# Recorded data
# # # # #

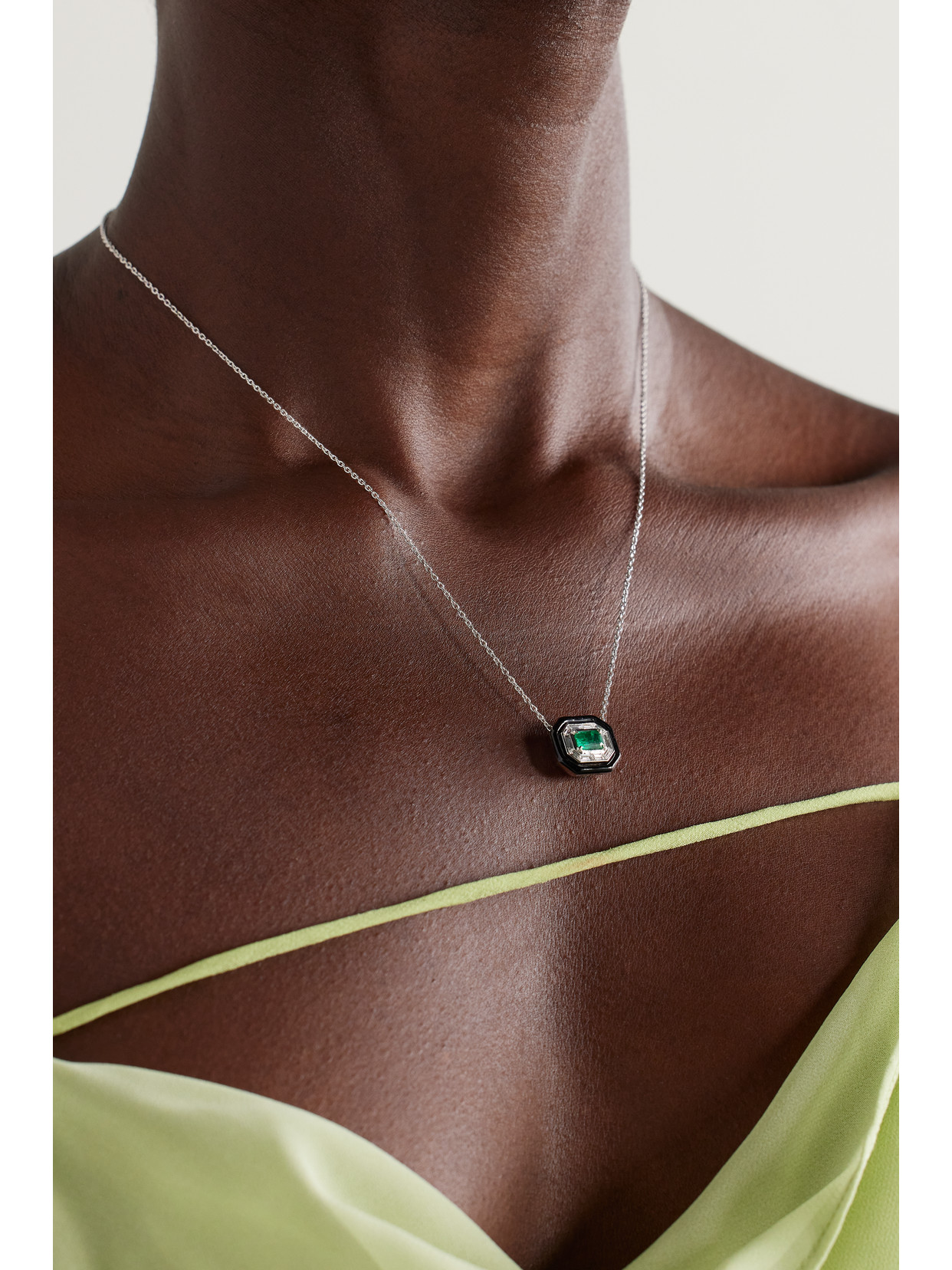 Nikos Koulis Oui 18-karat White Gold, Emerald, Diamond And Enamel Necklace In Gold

# # # # #

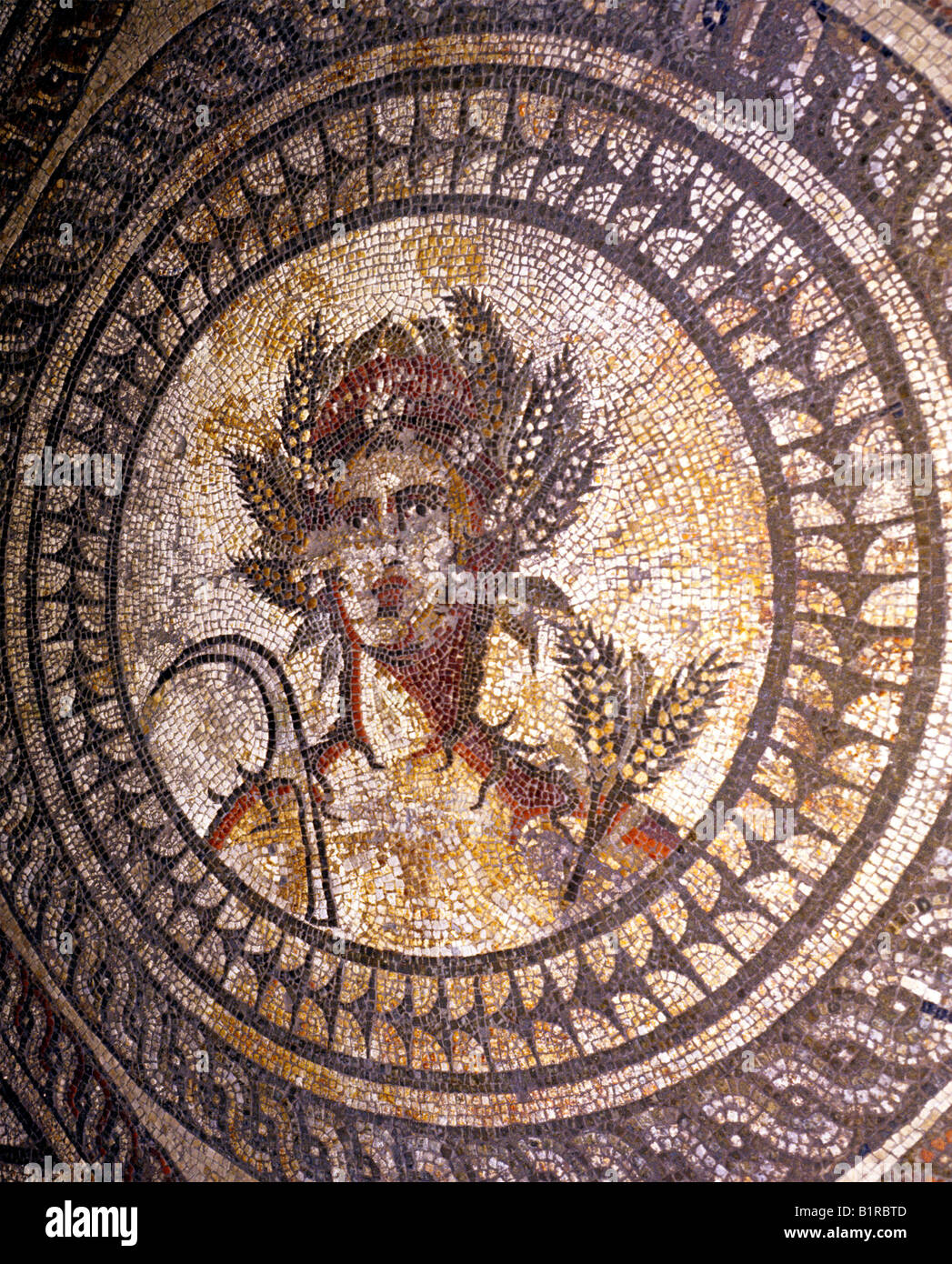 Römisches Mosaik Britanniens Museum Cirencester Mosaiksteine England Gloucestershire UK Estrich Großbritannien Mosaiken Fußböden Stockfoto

# # # # #

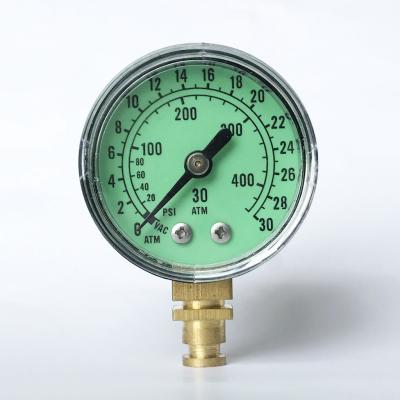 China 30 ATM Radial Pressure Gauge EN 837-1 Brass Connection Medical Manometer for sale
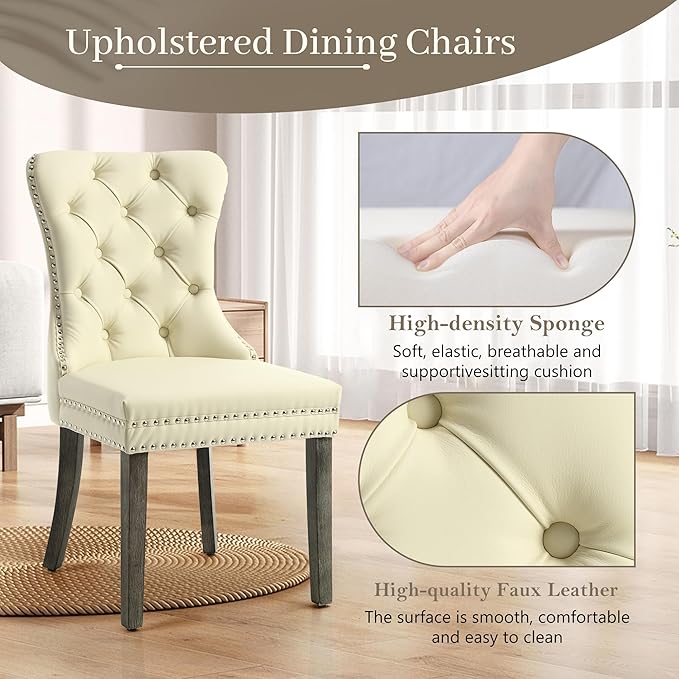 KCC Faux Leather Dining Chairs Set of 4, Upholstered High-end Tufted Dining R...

# # # # #

# Exercise aim
Take the material above from the line containing "China 30 ATM" up to and including the line containing "KCC Faux Leather" and retype it exactly, without any pictures.

# Answer box
 China 30 ATM Radial Pressure Gauge EN 837-1 Brass Connection Medical Manometer for sale
 KCC Faux Leather Dining Chairs Set of 4, Upholstered High-end Tufted Dining R...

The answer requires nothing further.